(Stored data)
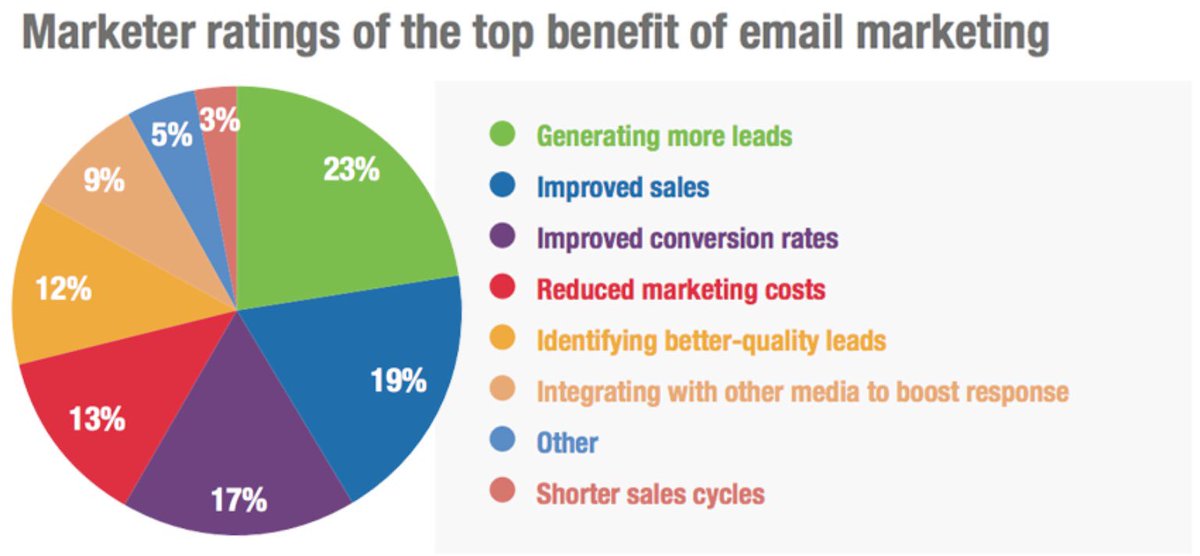 Does your company have an email marketing plan? Let Proton Marketing help you get more leads, improve sales, better conversions, reduce costs &amp; more! bit.ly/2U8T44e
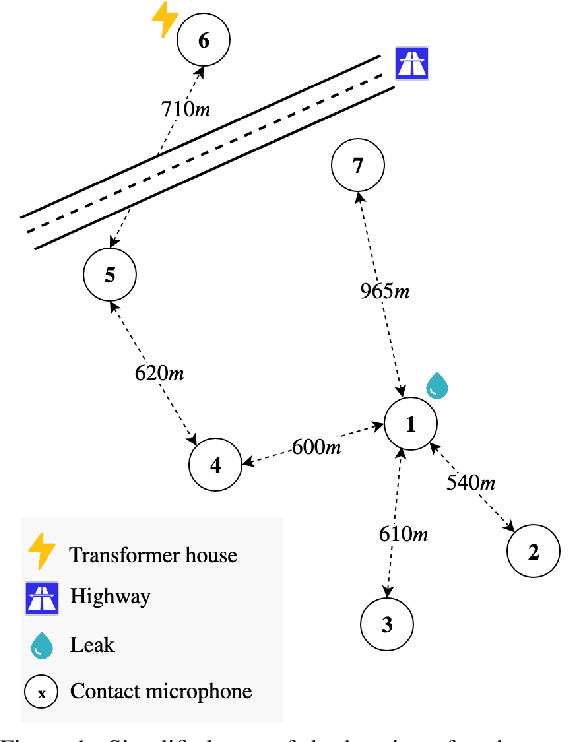 Figure 1 for Acoustic Leak Detection in Water Networks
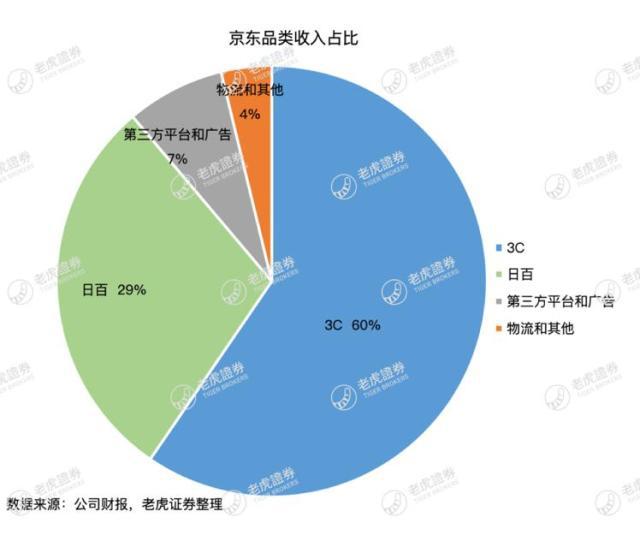 {Online Casino}(京东3c类产品包括哪些产品)
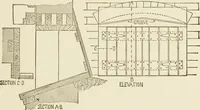 An illustration from Building construction and superintendence (1909)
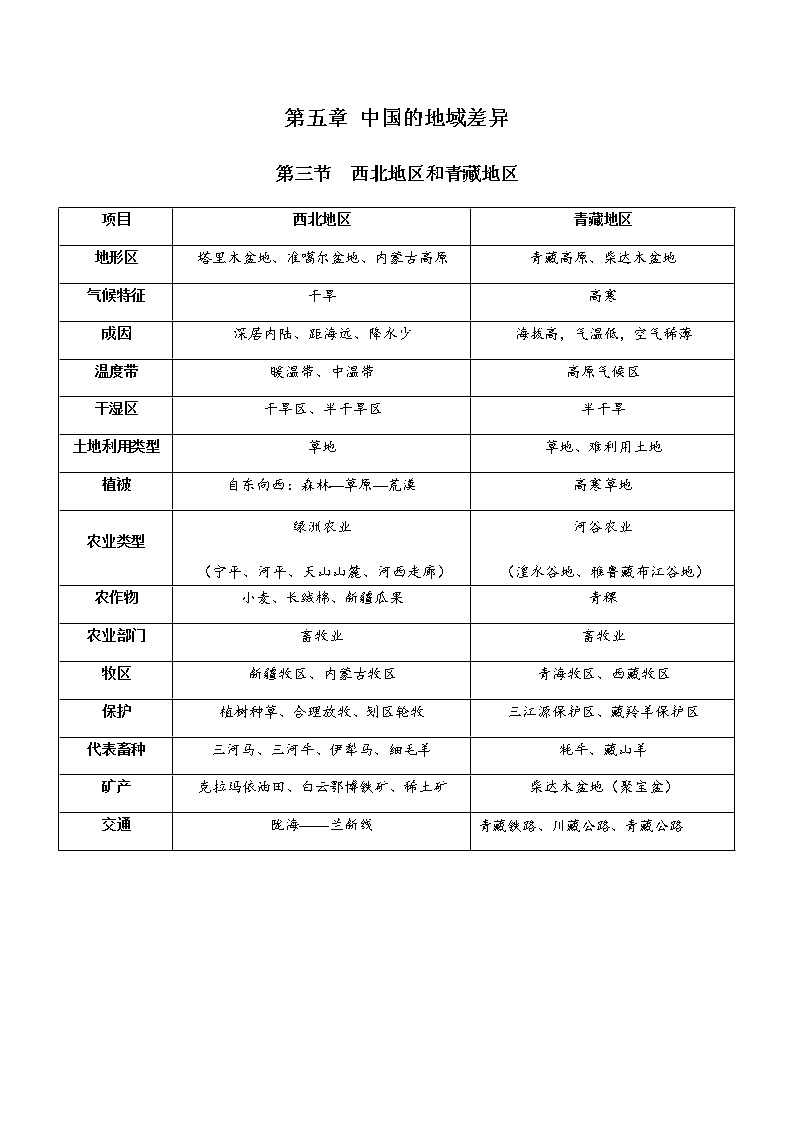 5.3西北地区和青藏地区（达标训练）-2022-2023学年八年级地理下册同步备课系列（湘教版）01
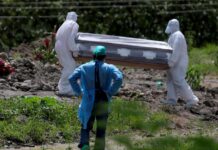 Los muertos por COVID-19 en Honduras se elevan a 426 y contagios suman 15.366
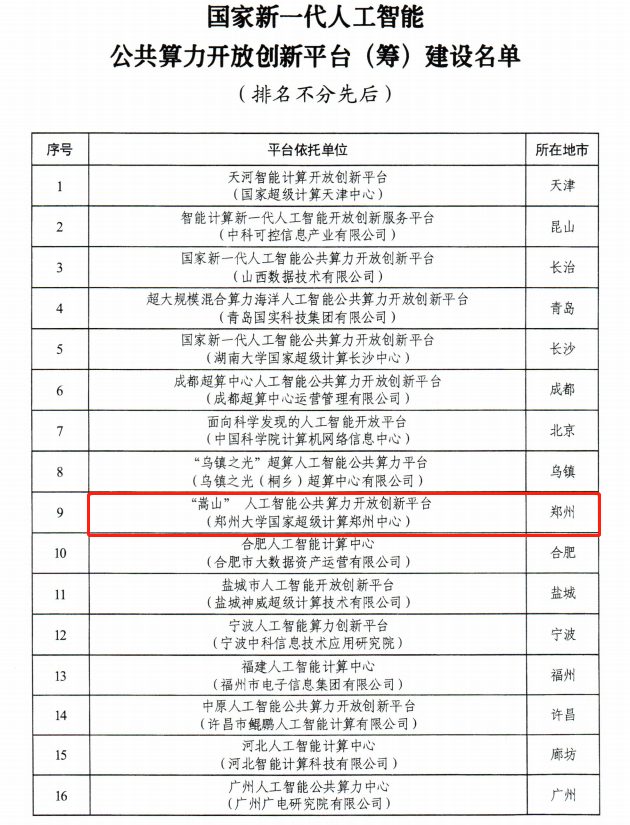 科技部正式批復(fù)！985，迎首個(gè)重磅平臺(tái)！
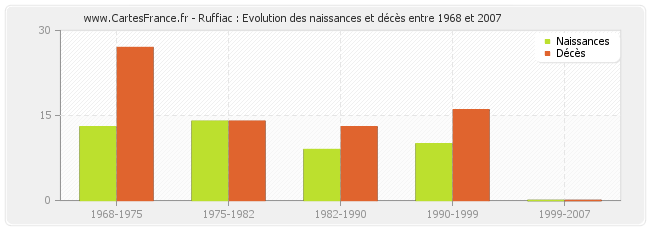 Ruffiac : Evolution des naissances et décès entre 1968 et 2007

The task » Nothing but the lines from the line containing "5.3西北地区和青藏地区（达" through the end of the data, both ends included, is to be reproduced, exactly as written and without the pictures.

Reply to the task »
 5.3西北地区和青藏地区（达标训练）-2022-2023学年八年级地理下册同步备课系列（湘教版）01
 Los muertos por COVID-19 en Honduras se elevan a 426 y contagios suman 15.366
 科技部正式批復(fù)！985，迎首個(gè)重磅平臺(tái)！
 Ruffiac : Evolution des naissances et décès entre 1968 et 2007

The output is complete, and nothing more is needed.